**SOURCE DATA**.
- Opening Delimiter -

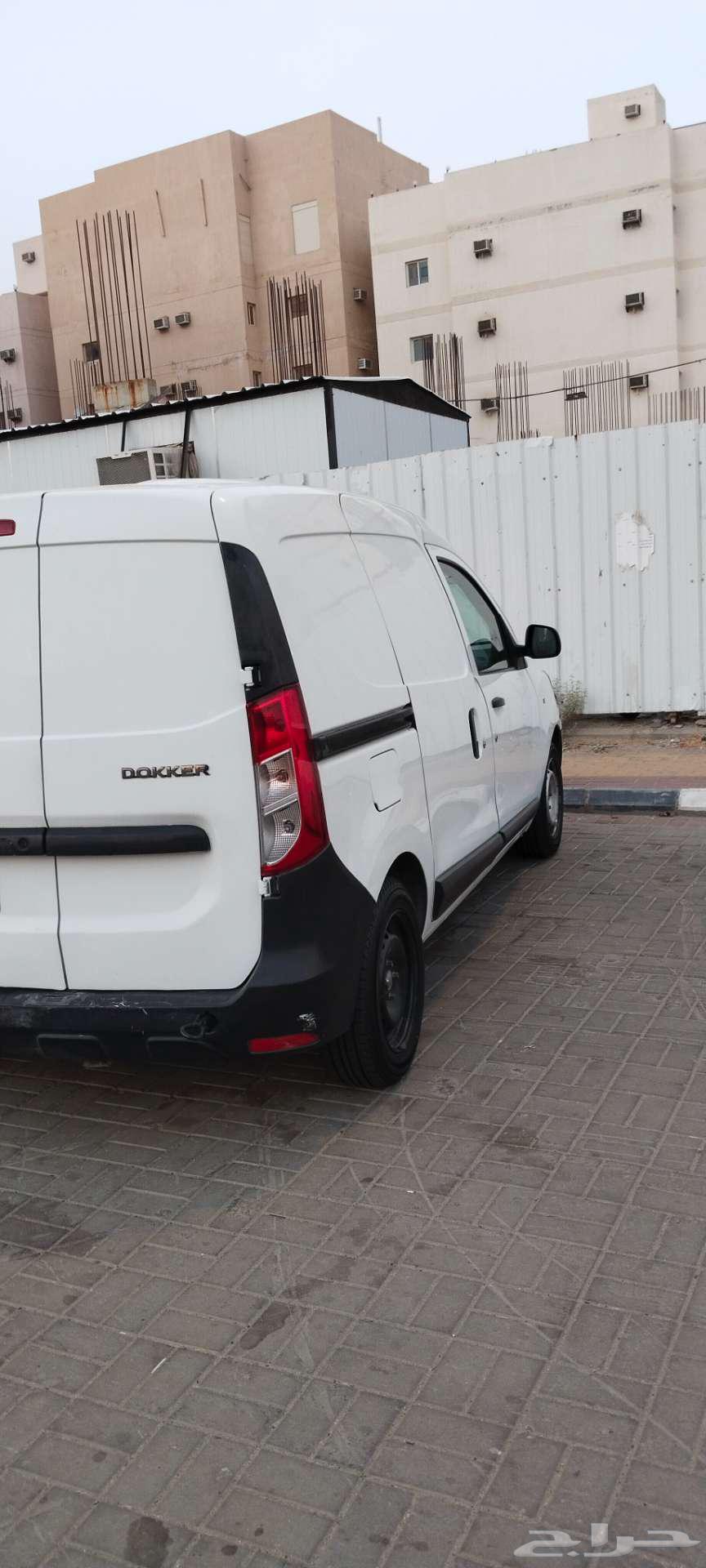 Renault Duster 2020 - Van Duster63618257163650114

- Closing Delimiter -
- Opening Delimiter -

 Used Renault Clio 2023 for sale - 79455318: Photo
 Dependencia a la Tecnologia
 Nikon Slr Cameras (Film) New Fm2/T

- Closing Delimiter -
- Opening Delimiter -

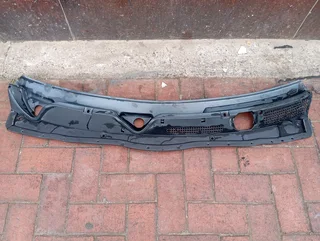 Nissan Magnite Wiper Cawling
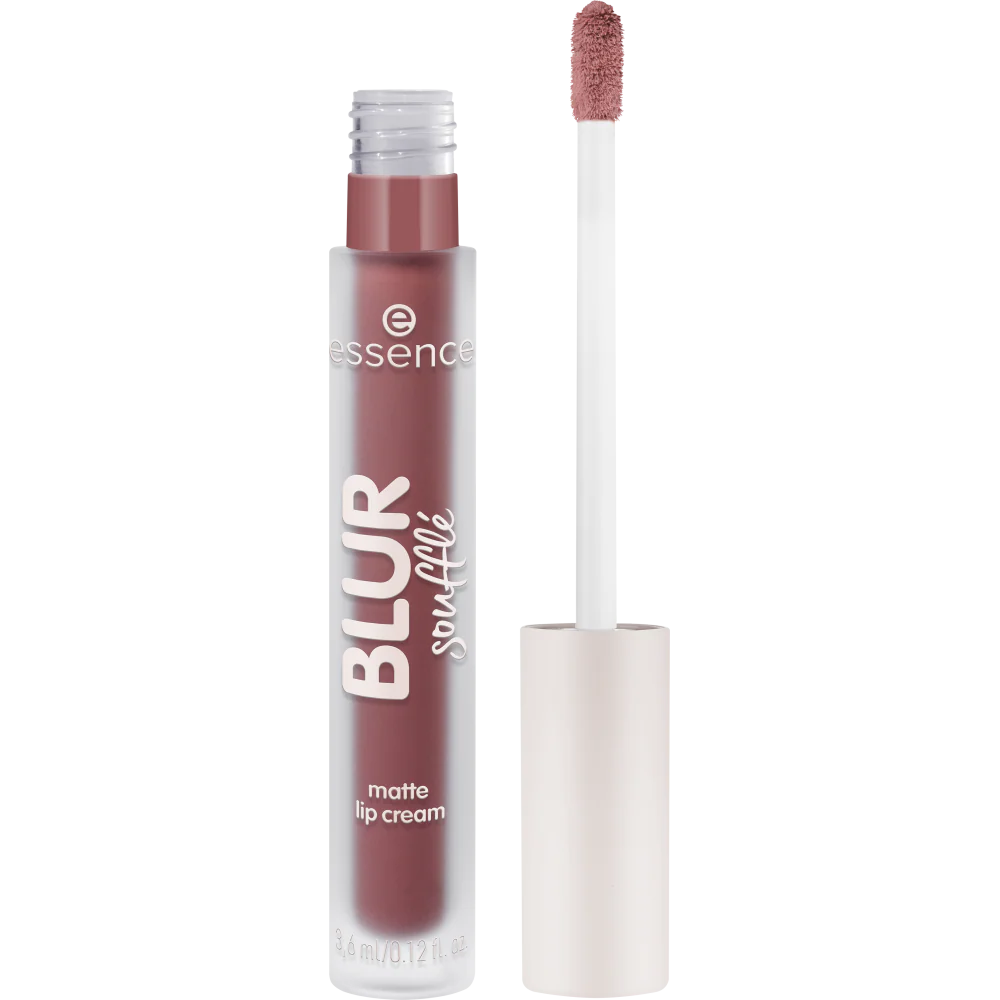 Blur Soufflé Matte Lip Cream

- Closing Delimiter -

**GOAL OF THE EXERCISE**. From the records above, extract exactly and only the lines that begin at the line with "Used Renault Clio" and stop after the line with "Nikon Slr Cameras (Film) New Fm2/T".

**REPLY TO THE TASK**.
 Used Renault Clio 2023 for sale - 79455318: Photo
 Dependencia a la Tecnologia
 Nikon Slr Cameras (Film) New Fm2/T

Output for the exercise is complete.